ISIL leader in Afghanistan 'killed in US raid'

Pentagon says Abu Sayed was killed earlier this week in an attack on his headquarters in Kunar province.

    Two of Abu Sayed's predecessors were also killed in attacks by the US military in Afghanistan [File: Reuters]
    Two of Abu Sayed's predecessors were also killed in attacks by the US military in Afghanistan [File: Reuters]

    The head of ISIL in Afghanistan, Abu Sayed, was killed in an attack on his headquarters in Kunar province earlier this week, the Pentagon said on Friday.

    Spokeswoman Dana White said in a statement on Friday that other members of the Islamic State of Iraq and the Levant (ISIL, known as ISIS) were killed in the raid on Tuesday.

    "US forces killed Abu Sayed, the emir of Islamic State of Iraq and Syria - Khorasan Province (ISIS-K) - in a strike on the group's headquarters in Kunar Province, Afghanistan, July 11," White said in the statement, referring to ISIL's other acronym.

    "The raid also killed other ISIS-K members and will significantly disrupt the terror group's plans to expand its presence in Afghanistan."

    Sayed is the third ISIL leader in Afghanistan to be killed since July 2016.

    Sayed had led the group since late April after the previous leader, Abdul Hasib, had been killed by US forces.
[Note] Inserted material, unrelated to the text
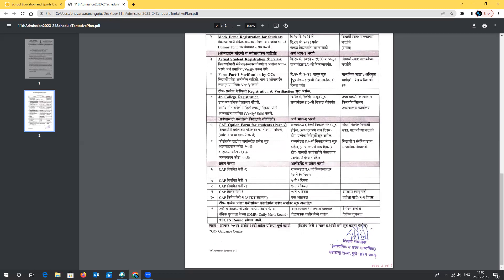Once you complete registration and verification, there will be Part 2. Note that step 4 in the schedule is for colleges, not students — step 5 is Part 2 for students. So the stages are: Part 1 registration, verification by Guidance Center, then Part 2 registration. In Part 2, students enter their college choices by preference. If you want a particular junior college, keep it as first preference and list others after. Students will have nearly five days to fill Part 2 once the Class 10 result is declared.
Hasib's predecessor Hafiz Sayed Khan was also killed by US forces.

    READ MORE: Is the military strategy in Afghanistan flawed?

    The US military had said Hasib's death would "help reach our goal of destroying them in 2017."

    The compound used by Hasib in Nangarhar province was not far from the spot where on April 13, the US military dropped the largest non-nuclear bomb it has ever used in combat, hitting ISIL positions.

    The deployment of the so-called Mother Of All Bombs (MOAB) killed at least 95 fighters, according to the Afghan defence ministry, but fighting in the area has continued.

    ISIL established a presence in Afghanistan in 2015 and overran large parts of Nangarhar and Kunar provinces, near the Pakistan border.

    However, their part in the Afghan conflict had been largely overshadowed by the operations against the Taliban.